Mark Miller commented on CONNECTORS-56:
---------------------------------------

bq. HTTP methods other than GET or PUT are in fact poorly supported in many HTTP clients, including Apache Commons HTTPClient.

That's untrue.

bq.  I am also unsure of whether Jetty supports the DELETE method at the servlet level.

Jetty has no issues with DELETE, POST, PUT, or GET. Nor does Tomcat or any other container I have seen.

bq. I therefore think your suggestion would potentially cause a great deal of headache for no tangible benefit.

Again, I don't agree - it would cause less headaches, as REST is somewhat of a standard rather than an ad hoc api. There are many advantages to having a consistent RESTful api.

> All features should be accessible through an API
> ------------------------------------------------
>
>                 Key: CONNECTORS-56
>                 URL: https://issues.apache.org/jira/browse/CONNECTORS-56
>             Project: Apache Connectors Framework
>          Issue Type: Sub-task
>          Components: Framework core
>            Reporter: Jack Krupansky
>            Assignee: Karl Wright
>
> LCF consists of a full-featured crawling engine and a full-featured user interface to access the features of that engine, but some applications are better served with a full API that lets the application control the crawling engine, including creation and editing of connections and creation, editing, and control of jobs.

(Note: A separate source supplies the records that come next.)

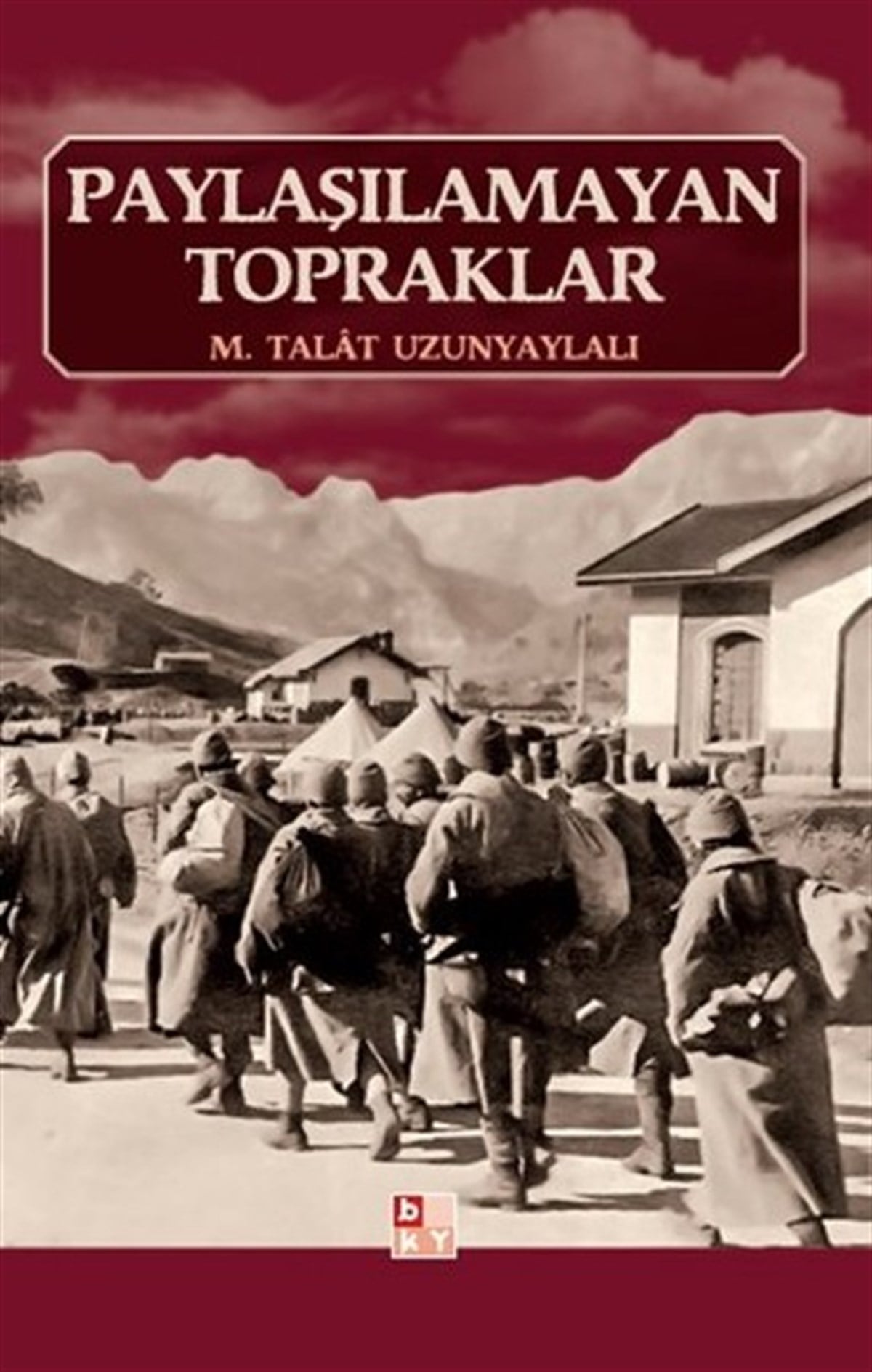 M. Talat UzunyaylalıOsmanli TarihiPaylaşılmayan Topraklar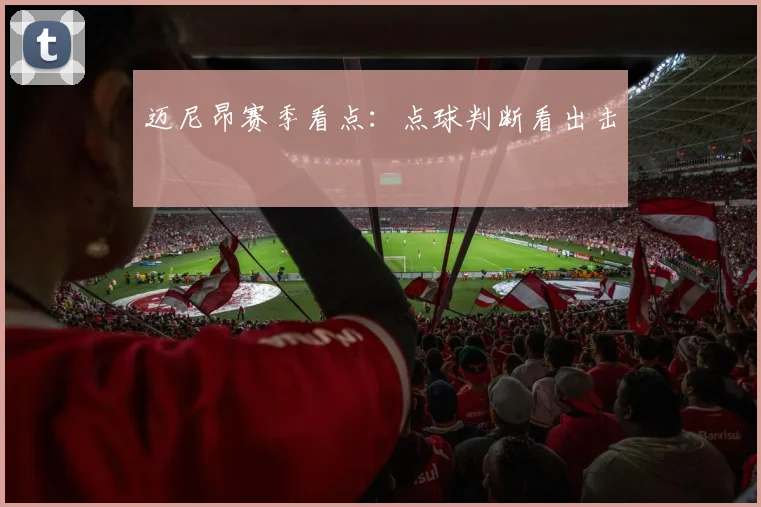 迈尼昂赛季看点：点球判断看出击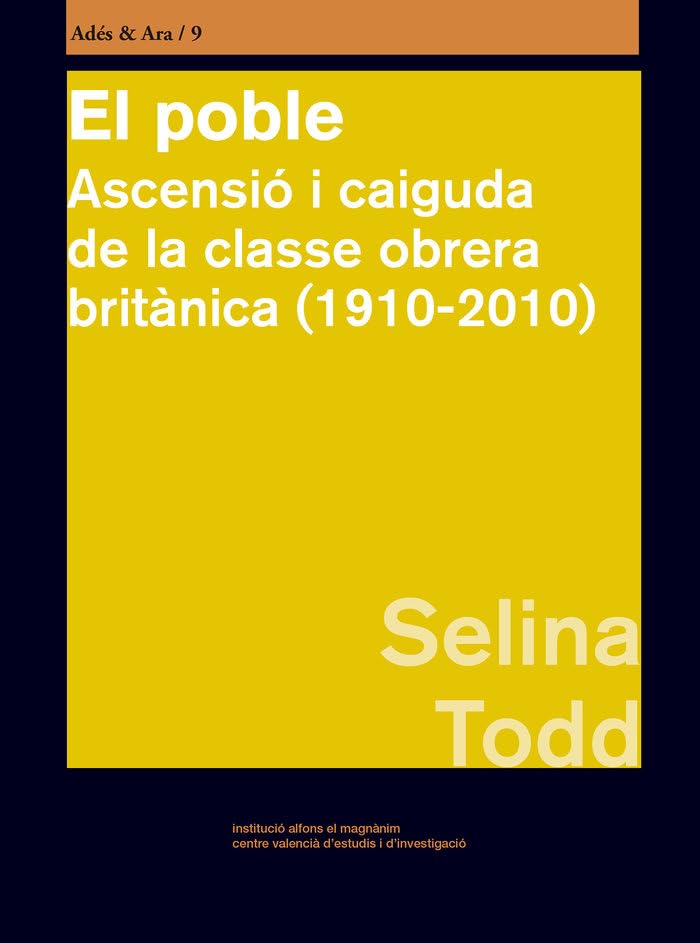 El poble: Ascensió i caiguda de la classe obrera britànica (1910-2010) (Adés&Ara, Band 9) Politics & History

Put simply, everything that a user can accomplish via the LCF UI should be doable through an LCF API. All LCF objects should be queryable through the API.
> A primary use case is Solr applications which currently use Aperture for crawling, but would prefer the full-featured capabilities of LCF as a crawling engine over Aperture.
> I do not wish to over-specify the API in this initial description, but I think the LCF API should probably be a traditional REST API., with some of the API elements specified via the context path, some parameters via URL query parameters, and complex, detailed structures as JSON (or similar.). The precise details of the API are beyond the scope of this initial description and will be added incrementally once the high-level approach to the API becomes reasonably settled.
> A job status and event reporting scheme is also needed in conjunction with the LCF API. That requirement has already been captured as CONNECTORS-41.
> The intention for the API is to create, edit, access, and control all of the objects managed by LCF. The main focus is on repositories, jobs, and status, and less about document-specific crawling information, but there may be some benefit to querying crawling status for individual documents as well.
> Nothing in this proposal should in any way limit or constrain the features that will be available in the LCF UI. The intent is that LCF should continue to have a full-featured UI, but in addition to a full-featured API.
> Note: This issue is part of Phase 2 of the CONNECTORS-50 umbrella issue.